Caught by the River

The Bird Effect Diaries

Ceri Levy | 14th October 2009

The diary of the making of a film. and an on going fascination with birds and their accompanying cast of human characters. By Ceri Levy. Previous entries can be read by clicking here.

Saturday August 22nd

A more relaxing day as we wander the site meeting people and taking in lectures. Jackie enjoys the lectures we go to and by late afternoon it seems certain that we have to go to Tanzania, the Arctic Circle and Spitsbergen in particular, Kenya and Peru. That’s the power of the well-spoken word and a good slide show for you.

Jim introduces us to some of his colleagues including Martin Holm and Erik Hirschfeld. So many people I meet are working on interesting projects. Martin is putting together a record with various musicians about Music and Migration, which supports Birdlife’s Born to Travel campaign.
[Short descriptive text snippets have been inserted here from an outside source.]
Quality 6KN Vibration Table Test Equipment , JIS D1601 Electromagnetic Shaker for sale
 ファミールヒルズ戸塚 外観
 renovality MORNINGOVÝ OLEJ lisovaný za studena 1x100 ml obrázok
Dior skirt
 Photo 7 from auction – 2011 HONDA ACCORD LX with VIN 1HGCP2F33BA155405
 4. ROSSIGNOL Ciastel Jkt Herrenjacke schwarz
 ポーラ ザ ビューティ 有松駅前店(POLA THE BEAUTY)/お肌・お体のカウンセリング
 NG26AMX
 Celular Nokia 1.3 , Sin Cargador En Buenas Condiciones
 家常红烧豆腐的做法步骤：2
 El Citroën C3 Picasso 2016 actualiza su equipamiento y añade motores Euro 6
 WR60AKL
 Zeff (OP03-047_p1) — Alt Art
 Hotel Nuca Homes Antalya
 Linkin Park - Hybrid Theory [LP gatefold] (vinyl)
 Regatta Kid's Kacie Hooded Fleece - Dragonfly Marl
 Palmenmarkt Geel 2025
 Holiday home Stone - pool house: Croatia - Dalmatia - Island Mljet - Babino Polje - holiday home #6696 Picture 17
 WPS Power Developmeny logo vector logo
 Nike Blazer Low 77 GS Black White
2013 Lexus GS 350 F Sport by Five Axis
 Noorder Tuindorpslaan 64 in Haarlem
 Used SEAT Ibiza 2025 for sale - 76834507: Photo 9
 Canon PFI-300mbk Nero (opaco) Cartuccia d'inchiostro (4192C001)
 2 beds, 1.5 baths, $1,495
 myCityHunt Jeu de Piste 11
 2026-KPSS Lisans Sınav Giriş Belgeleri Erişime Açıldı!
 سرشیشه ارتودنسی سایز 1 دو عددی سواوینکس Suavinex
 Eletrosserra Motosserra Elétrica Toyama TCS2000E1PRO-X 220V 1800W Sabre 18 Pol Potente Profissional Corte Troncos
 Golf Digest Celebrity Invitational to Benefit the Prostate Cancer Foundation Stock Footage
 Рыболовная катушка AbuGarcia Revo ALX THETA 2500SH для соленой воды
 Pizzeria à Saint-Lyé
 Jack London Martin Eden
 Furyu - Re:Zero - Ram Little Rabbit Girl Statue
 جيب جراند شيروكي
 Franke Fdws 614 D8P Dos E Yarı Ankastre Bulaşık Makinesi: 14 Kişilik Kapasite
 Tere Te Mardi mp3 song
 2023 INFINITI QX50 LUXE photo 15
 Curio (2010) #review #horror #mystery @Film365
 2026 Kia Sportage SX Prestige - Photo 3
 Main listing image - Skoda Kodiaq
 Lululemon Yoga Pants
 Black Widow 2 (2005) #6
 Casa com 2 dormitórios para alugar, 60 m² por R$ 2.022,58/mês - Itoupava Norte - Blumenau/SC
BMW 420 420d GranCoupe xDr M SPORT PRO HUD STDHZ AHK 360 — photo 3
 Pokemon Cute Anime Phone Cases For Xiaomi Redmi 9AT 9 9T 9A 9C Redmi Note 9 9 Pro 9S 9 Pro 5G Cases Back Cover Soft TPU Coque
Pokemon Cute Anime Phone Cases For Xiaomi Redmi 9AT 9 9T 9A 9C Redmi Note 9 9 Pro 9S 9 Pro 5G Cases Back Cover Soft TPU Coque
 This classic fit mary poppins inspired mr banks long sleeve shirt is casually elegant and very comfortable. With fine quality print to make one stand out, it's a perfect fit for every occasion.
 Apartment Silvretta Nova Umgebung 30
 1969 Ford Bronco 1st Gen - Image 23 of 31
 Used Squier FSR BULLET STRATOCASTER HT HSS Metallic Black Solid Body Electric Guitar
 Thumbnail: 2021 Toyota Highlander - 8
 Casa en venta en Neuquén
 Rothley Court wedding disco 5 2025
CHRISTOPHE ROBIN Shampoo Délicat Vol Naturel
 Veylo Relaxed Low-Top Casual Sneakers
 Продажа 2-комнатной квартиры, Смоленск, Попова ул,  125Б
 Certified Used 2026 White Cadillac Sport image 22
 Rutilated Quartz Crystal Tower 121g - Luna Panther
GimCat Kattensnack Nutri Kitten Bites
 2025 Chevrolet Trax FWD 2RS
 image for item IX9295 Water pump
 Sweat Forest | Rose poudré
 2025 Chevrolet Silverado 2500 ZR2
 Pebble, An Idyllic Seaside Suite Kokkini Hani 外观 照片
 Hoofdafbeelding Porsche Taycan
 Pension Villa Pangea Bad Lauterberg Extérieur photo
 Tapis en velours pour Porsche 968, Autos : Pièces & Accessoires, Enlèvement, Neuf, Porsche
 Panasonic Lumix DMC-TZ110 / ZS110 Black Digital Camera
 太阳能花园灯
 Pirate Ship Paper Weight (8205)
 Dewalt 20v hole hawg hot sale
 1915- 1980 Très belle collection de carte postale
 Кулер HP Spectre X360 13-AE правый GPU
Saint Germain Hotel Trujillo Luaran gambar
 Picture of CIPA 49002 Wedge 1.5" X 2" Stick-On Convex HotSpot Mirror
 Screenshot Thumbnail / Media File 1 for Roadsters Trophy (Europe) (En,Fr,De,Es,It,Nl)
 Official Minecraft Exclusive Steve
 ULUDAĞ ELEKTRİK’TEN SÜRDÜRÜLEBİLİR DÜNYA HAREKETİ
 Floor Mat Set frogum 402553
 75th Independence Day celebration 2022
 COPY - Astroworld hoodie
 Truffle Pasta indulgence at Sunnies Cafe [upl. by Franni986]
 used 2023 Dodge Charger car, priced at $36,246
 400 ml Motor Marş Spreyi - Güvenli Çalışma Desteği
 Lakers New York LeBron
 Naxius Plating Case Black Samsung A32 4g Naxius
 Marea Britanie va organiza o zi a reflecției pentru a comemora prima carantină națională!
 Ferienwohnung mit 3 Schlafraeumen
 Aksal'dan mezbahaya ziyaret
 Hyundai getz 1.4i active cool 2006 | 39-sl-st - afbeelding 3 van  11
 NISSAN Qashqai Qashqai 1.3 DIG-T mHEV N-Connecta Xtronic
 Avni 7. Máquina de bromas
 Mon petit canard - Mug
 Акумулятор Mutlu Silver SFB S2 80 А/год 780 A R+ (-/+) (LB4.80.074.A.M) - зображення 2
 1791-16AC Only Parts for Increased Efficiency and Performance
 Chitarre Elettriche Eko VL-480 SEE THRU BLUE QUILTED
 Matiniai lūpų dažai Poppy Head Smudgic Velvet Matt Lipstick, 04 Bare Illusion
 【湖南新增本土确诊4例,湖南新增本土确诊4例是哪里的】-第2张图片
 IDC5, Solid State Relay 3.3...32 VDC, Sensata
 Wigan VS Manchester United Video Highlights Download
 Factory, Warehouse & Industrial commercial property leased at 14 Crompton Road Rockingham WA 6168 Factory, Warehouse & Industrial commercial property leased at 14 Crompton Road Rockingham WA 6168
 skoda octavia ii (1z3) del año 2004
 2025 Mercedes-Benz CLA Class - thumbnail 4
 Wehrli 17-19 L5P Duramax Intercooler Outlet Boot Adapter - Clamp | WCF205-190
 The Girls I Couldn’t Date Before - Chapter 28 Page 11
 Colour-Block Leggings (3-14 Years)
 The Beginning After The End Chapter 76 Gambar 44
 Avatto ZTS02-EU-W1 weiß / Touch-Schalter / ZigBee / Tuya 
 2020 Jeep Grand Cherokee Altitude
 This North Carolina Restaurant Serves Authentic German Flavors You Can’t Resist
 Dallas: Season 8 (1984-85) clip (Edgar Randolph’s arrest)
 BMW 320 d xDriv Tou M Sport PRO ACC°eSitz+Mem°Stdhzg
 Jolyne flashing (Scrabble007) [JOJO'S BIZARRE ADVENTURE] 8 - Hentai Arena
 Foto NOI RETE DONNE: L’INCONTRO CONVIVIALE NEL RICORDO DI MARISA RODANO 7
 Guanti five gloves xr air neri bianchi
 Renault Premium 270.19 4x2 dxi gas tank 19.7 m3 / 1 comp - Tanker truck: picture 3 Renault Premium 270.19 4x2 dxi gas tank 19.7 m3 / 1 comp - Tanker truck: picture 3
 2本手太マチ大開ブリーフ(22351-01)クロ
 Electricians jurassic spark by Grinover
Erik is putting together a book about the relationship between city birds and city people in Malmo, Sweden. He has built a website which allows people to follow the production of the book and allows them to partake in helping create the book itself by sending in photos and stories about bird interaction. It’s a little similar to what I am doing with TBE and I hope if any of you reading this have any good bird effect stories then you will let me know.

Erik is also the editor of the Rare Birds Yearbook, which lists and gives details on all the critically endangered species throughout the world. It is a beautiful book that is really well produced and is well worth buying. Four pounds of each book sale goes towards Birdlife’s Preventing Extinctions Programme.

I also meet up with Rob Lambert, who gave a talk last night, entitled, “Ospreys – from persecution to sustainable tourism icon”. Some of the figures bandied about are quite remarkable. 300,000 people a year go to watch ospreys alone, and that generates somewhere in the region of £3.5m to the remote rural areas around the nest sites. Serious dosh. Rob believes this is a wildlife story that is not as well known as it should be, as it has great benefits for local economies, health and well-being, education, conservation, media and publicity. And it is not just ospreys that are getting the new crowds. There are many successful public watch-points now, for white-tailed sea eagles, golden orioles, peregrines in city centres atop churches and cathedrals, swan feeds, seabird colonies and capercaillie at Loch Garten in Scotland. These are just a few in a growing list. Rob genuinely believes that a powerful new relationship is being forged between the public and wild birds in this, the 21st century. For me the key word here is public. The public are engaging with birds. And in this new age this is the most important news for conservation, but this relationship has to be nurtured. The more I talk to people and learn things for myself, the more I begin to comprehend the absolute truth about conservation. It needs to break out of its normal arena, which is frequented by its core audience and supporters, and start finding a way to break into the world outside and spread their incredible knowledge and information to ordinary people. If there is a way of engaging people and persuade them to look skywards, hopefully there is then the possibility that they will become thrilled by the sight of the birds that they discover, and they will want to become new allies who support the cause of conservation. So many more people are needed to join the programme to provide a chance of saving the 192 critically endangered species that are struggling for their survival right now. Somehow, the public has to be placed in and feel part of, the greater picture, and if that can be done, then anything is possible.

I really need to learn more about eco-tourism and conservation and new ways of thinking. Rob is going to help me learn more. He is also going to be on Scilly this October so I am sure we will chew this over as we bird and possibly have a beer.

Jim also introduces me to Dick Ashford, Chairman of the Board of the American Birding Association and Robert Robinson, the President of the ABA. They are a very likeable pair and I will keep in touch with them should I go over to the States at any point for birds and the film. The ABA is the American equivalent of the RSPB.

Dinner with Deb and Jim Lawrence at the Finch’s Arms in Hambelton, an aptly named bird pub, which is where Tim Appleton and Martin Davies, the Birdfair organisers, came up with the idea for Birdfair over a few drinks. So I salute them over my next few pints and a big cheers to the fair. Beer and birds, is such a good combo.